Bugünkü meselelerin çıkışında bu tek tipleştirmenin yoğun psikolojik travmasını hep beraber yaşadık. Türkler, Kürtler, Sünniler, Aleviler hep beraber yaşadık. Hep beraber, biz o dönemde genç üniversiteliler olarak bu yaklaşıma karşı farklı ideolojilerle aylakta durduk. Bu tek tipleştirenler karşısında bu kez ayrıştıranlar çıktı. ‘Madem ki biz Mezopotamya çocuklarıyız, diğer çocuklardan ayrılmalıyız’ diyenler çıktı. ‘Madem ki biz Anadolu çocuklarıyız, diğerleri ya sevsinler ya terk etsinler’ diyenler çıktı. Biz son 13 yıl içinde bu tek tipleştirme ve ayrıştırma çabalarına karşı hep birleştirmeyi, farklılara saygı duyarak o farklılıklar üzerinden çatışma çıkarmadan, gönülleri birleştirmeyi hedef edindik. Çözüm Süreci'nin esas itibarıyla özünde de bu vardı, Milli Birlik, Kardeşlik Projesi'nin özünde de bu vardı, demokratikleşmenin özünde de bu vardı. Şimdi de çatışma, farklılaşma buradadır. Şu masanın etrafında olanlar, cuma günü TOBB Salonu'nu dolduranlar ve birçok platformda, akil insanlar heyeti veya değişik platformda bir araya gelenler, hep ayrıştırmak isteyenlere karşı farklılıkları korumakla birlikte birleştirmeye çalışanların gayreti oldular."
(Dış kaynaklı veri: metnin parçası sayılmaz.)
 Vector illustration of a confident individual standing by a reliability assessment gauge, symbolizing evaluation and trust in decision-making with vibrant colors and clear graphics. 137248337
"Ben dahi kendi çocuğuma ismini koyarken..."
"Biz iktidara geldiğimizde tek tipleştirme devam ediyordu. Sadece Kürt vatandaşlarımıza dönük olarak değil bütün kesimlere dönük olarak. 'Başörtülü olmayacaksınız' deniliyordu. 'Herkes başını açmak zorunda' deniliyordu. Sadece Kürtçe değil değişik lehçelerde yayın yasağı vardı" diye konuşan Davutoğlu, sözlerini şöyle sürdürdü:
"Klasik denildiğinde belli klasikler hatırlanır ama Yunus Emre Faki Teyran'ın aynı felsefeyi farklı dillerde ifade ettiği unutulurdu. Ahmedi Hani ile Hazreti Mevlana'nın benzerlikleri değil farklılıkları üzerinde konuşulurdu. Yasaklar vardı. Ben dahi kendi çocuğuma ismini koyarken, Meymune isminin Türkçe olmaması sebebiyle nüfus müdürünün nasıl gözümün içine bakıp, 'bunu değiştirmeniz gerekir' dediğini hala hatırlıyorum, 1988 yılında. Hepimiz yaşadık bunları."
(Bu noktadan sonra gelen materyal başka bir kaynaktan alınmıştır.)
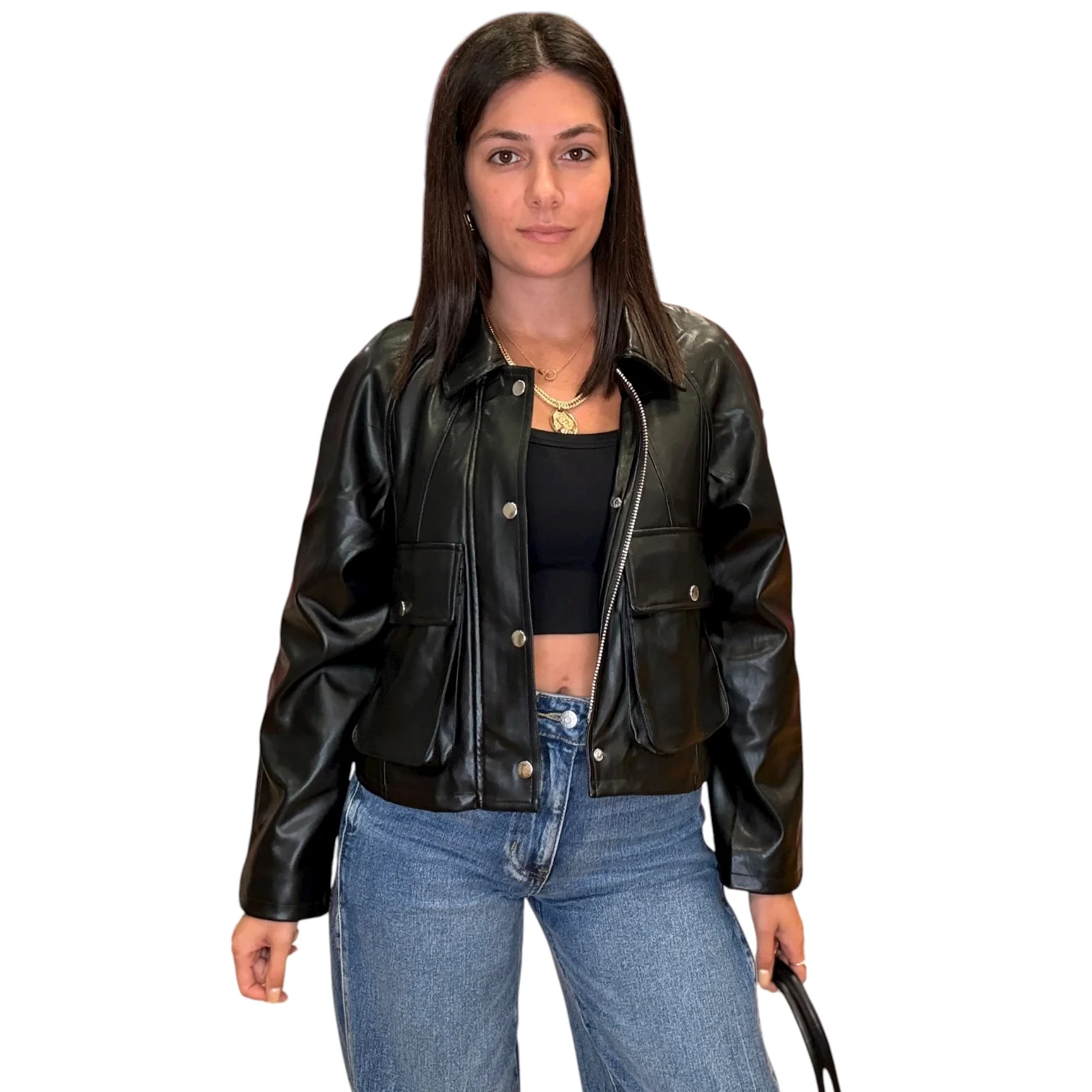 The Lowe Cropped Jacket - Black Vegan Leather -RbL puppeT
"Tek tipleştirme çabalarına karşı çok büyük mesafeler kat ettik"
"Bir adalet perspektifinden bakanlar görürler ki son 13 yılda biz bütün farklılaştırma, çatışma ve tek tipleştirme çabalarına karşı çok büyük mesafeler kat ettik" diyenDavutoğlu, şu ifadeleri kullandı:
"Bugün kimse, konuştuğu dil, ait coğrafya benimsediği kültür, okuduğu şiir, terennüm etiği türkü ya da şarkı dolayısıyla hangi dilden hangi arka plandan olması sebebiyle her hangi bir muaheze altında tutulmuyor. Ahmet Kaya'nın şarkılarını yasaklandığı Türkiye'de her şarkının Tuna kenarında söylenen Rumeli havasıyla Fırat, Dicle kenarında söylenen Mezopotamya havzasının rahatlıkla birlikte aynı ahenk içinde dile getirildiğini hep beraber görüyoruz. Bunun aksine uygulama varsa, karşısında bizi bulur.
Yine ortak vicdan, bütün bu süreçlerde kritik dönemlerde, vicdanların parçalandığına şahit oluyoruz. Özellikle sivil toplum kuruluşları temsilcileri olarak sizler bütün bu dört unsuru temsil edenler olarak, her şey parçalanabilir ama bir insanın, vicdanı parçalanamaz. Bir insan her şeye farklı bakabilir ama masum iki çocuğun, birinin Türk, birinin Kürt, birinin Kafkas, birinin Mezopotamya çocuğu olduğuna bakmaz, çocuk çocuktur, insan insandır ve insanlık vicdanı parçalanamaz."
Başbakan Ahmet Davutoğlu, "7 Haziran'dan beri eş başkanların, Sayın Demirtaş'ın, Yüksekdağ'ın yaptığı her açıklama yukarıdan bir yerlerden tekzip edildi, şu denmeye çalışıldı: 'Sen siyaset oyunu oynayabilirsin ama aklı ben üretirim, senin söz söyleme hakkın yok.' Her açıklama ertesi gün Kandil'den tekzip edildi" dedi.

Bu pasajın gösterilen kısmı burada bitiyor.